Please copy exactly the lines from the top of the data through the line containing "Photo of property", and nothing else.

Dataset items ▸
>>>
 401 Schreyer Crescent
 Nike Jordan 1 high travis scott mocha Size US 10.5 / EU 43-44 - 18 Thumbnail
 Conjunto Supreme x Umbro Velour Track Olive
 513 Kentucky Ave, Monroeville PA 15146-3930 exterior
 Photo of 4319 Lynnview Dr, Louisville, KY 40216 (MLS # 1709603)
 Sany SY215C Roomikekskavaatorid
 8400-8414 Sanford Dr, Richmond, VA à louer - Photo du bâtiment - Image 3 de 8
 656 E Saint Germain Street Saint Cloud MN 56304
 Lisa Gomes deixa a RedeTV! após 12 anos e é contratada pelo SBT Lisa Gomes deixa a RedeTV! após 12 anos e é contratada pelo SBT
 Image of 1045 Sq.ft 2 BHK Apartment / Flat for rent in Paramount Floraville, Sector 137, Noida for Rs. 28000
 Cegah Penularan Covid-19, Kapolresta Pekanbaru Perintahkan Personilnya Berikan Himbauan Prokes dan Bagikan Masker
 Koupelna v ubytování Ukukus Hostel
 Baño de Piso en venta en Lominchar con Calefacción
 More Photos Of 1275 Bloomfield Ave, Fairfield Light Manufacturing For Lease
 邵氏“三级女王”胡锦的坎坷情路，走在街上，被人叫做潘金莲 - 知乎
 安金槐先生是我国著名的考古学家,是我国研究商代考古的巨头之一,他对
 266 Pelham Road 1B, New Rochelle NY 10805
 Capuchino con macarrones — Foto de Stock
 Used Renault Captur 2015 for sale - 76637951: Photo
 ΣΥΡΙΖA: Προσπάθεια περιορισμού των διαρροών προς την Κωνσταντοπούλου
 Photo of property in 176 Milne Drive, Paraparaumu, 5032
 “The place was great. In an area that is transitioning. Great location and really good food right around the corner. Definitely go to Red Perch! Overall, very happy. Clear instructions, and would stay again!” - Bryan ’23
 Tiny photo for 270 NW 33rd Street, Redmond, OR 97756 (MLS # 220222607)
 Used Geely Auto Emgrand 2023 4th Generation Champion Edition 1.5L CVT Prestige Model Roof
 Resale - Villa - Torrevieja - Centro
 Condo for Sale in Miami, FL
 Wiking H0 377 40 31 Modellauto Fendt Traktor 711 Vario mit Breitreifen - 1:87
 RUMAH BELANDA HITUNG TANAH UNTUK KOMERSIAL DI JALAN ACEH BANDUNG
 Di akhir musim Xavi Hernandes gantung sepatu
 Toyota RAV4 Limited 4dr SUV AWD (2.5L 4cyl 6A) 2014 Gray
<<<
Written response ▸
 401 Schreyer Crescent
 Nike Jordan 1 high travis scott mocha Size US 10.5 / EU 43-44 - 18 Thumbnail
 Conjunto Supreme x Umbro Velour Track Olive
 513 Kentucky Ave, Monroeville PA 15146-3930 exterior
 Photo of 4319 Lynnview Dr, Louisville, KY 40216 (MLS # 1709603)
 Sany SY215C Roomikekskavaatorid
 8400-8414 Sanford Dr, Richmond, VA à louer - Photo du bâtiment - Image 3 de 8
 656 E Saint Germain Street Saint Cloud MN 56304
 Lisa Gomes deixa a RedeTV! após 12 anos e é contratada pelo SBT Lisa Gomes deixa a RedeTV! após 12 anos e é contratada pelo SBT
 Image of 1045 Sq.ft 2 BHK Apartment / Flat for rent in Paramount Floraville, Sector 137, Noida for Rs. 28000
 Cegah Penularan Covid-19, Kapolresta Pekanbaru Perintahkan Personilnya Berikan Himbauan Prokes dan Bagikan Masker
 Koupelna v ubytování Ukukus Hostel
 Baño de Piso en venta en Lominchar con Calefacción
 More Photos Of 1275 Bloomfield Ave, Fairfield Light Manufacturing For Lease
 邵氏“三级女王”胡锦的坎坷情路，走在街上，被人叫做潘金莲 - 知乎
 安金槐先生是我国著名的考古学家,是我国研究商代考古的巨头之一,他对
 266 Pelham Road 1B, New Rochelle NY 10805
 Capuchino con macarrones — Foto de Stock
 Used Renault Captur 2015 for sale - 76637951: Photo
 ΣΥΡΙΖA: Προσπάθεια περιορισμού των διαρροών προς την Κωνσταντοπούλου
 Photo of property in 176 Milne Drive, Paraparaumu, 5032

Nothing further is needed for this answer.